The semiconductor crisis is not just about semiconductors; It is also about substrates: what are they and why without them we would not have chips
Substrates are the “ugly duckling” of the semiconductor industry. Traditionally they have received much less attention than the components that shape the core of integrated circuits even from the semiconductor manufacturers themselves. The profit margin they leave is much lower than that of the other components of the chips, which has caused that the necessary investment to make its development possible it has been stagnant for a long time.
What is surprising is that relatively unexpectedly, the semiconductor crisis has forced integrated circuit manufacturers to give the substrate the attention it should never have lost. This statement from Nicholas Stukan, the director of business development at Zhuhai Access Semiconductor, a South China substrate manufacturer, reflects with striking clarity the prominence it has acquired this component for the last few months:
“Now all you have to do is say that you make substrates. And you already have the business done. It’s crazy, ”confesses Stukan. No substrate, no chip, and without a chip there is no business. The current demand for substrates is much higher than the supply, especially if we stick to those used in the production of highly integrated semiconductors, including, for example, the microprocessors and GPUs in our computers and smartphones. And this panorama places this industry in a very delicate position.
What is a substrate and why is it so important
The substrate is a sheet of solid material that has a double responsibility depending on the type of chip and the process in which it is to intervene: to offer the necessary structural support to be able to produce and manipulate the integrated circuit, and also act as a mechanical and electrical interface between it and the devices with which it must communicate.

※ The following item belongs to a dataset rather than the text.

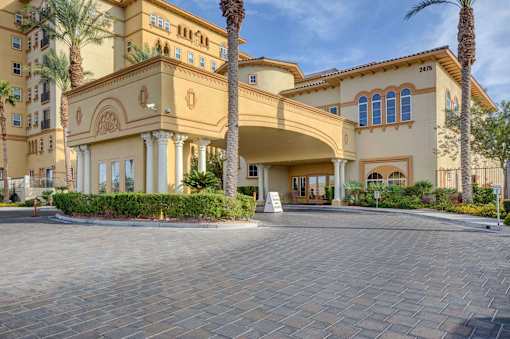 A large, beige building with palm trees in front.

The material used in its manufacture depends on the use that is going to be given to it, but resins, glass or flexible polycarbonates are usually used as a base compound. And of course, also metals, such as silicon dioxide, aluminum oxide, gallium arsenide, or germanium.
As we will conclude in the next section of the article, manufacturing them is not as complex as it is to produce high integration circuits, but, even so, it is necessary to use sophisticated equipment and strictly respect very demanding processes from a qualitative point of view.

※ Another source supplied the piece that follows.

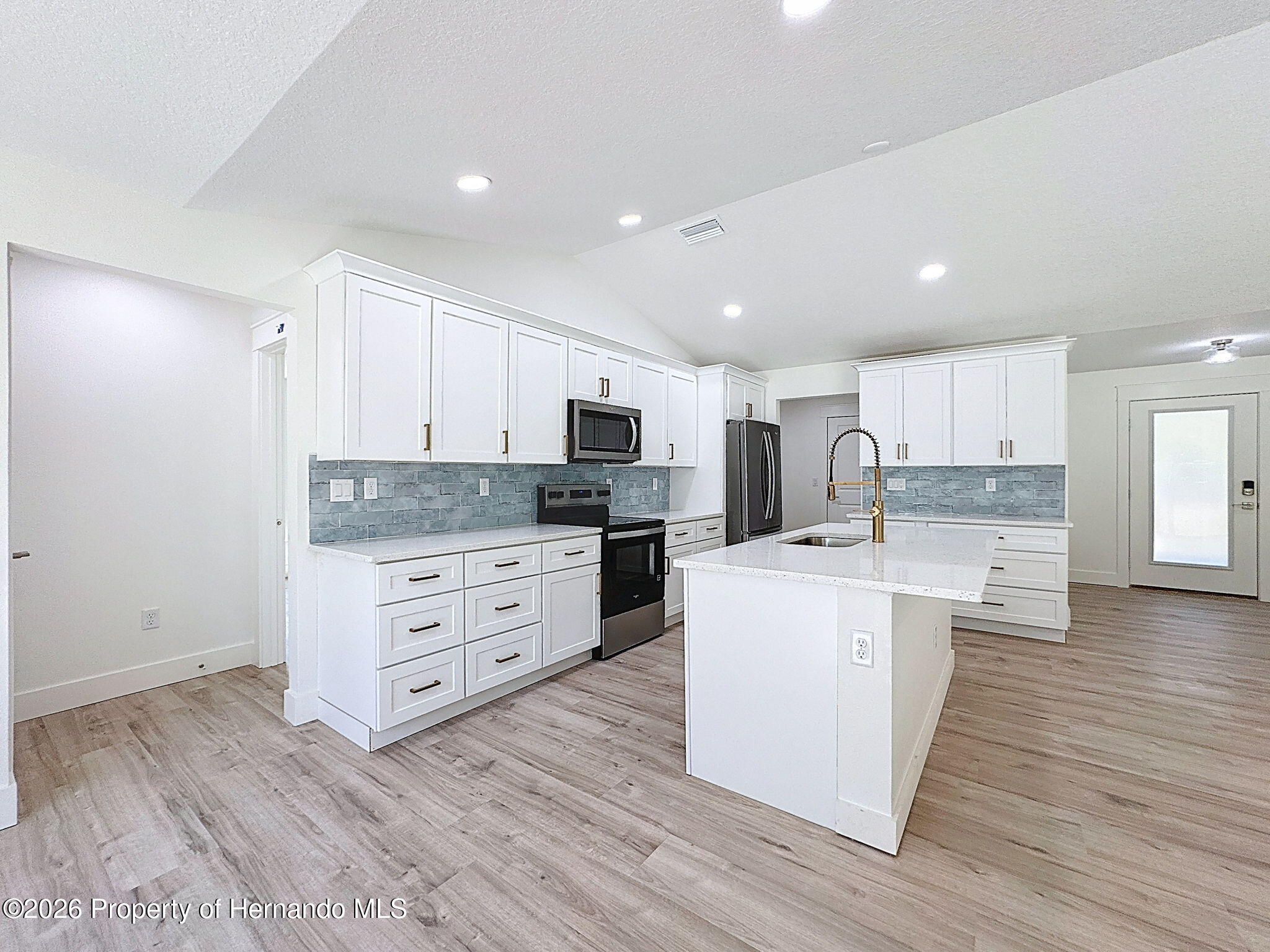 8988 Waterbird Way Weeki Wachee, FL 34613 - Photo 14 of 42 a large kitchen with stainless steel appliances granite countertop a stove top oven a sink a refrigerator white cabinets and couches with wooden floor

Without going any further, the manufacture of silicon wafers, in which we can inquire in another article if it seems an interesting topic, requires very precise control the purity of the material. And, in addition, it involves special furnaces known as reactors, extremely precise cutting circular saws and grinding machines that are responsible for eliminating surface imperfections in the cut, among other advanced instruments that can help us to intuit the complexity of this process.
The imbalance between demand and supply has put manufacturers on the ropes
For many years investment in substrates has been reduced due to the moderate profit they leave, so that the current situation, in which the demand for semiconductors has exploded, has caused companies with the size of Intel, GlobalFoundries or TSMC , among others, are striving at all costs to get hold of the stock they need to maintain your manufacturing volume.
They are even forging alliances with substrate manufacturers with whom they had no commercial ties until now. This pressure has meant that for the first time in a decade Pat Gelsinger, Intel’s new CEO, has been forced to tackle this problem during one of the last meetings he has held with the top management of the company he leads. But this is not all.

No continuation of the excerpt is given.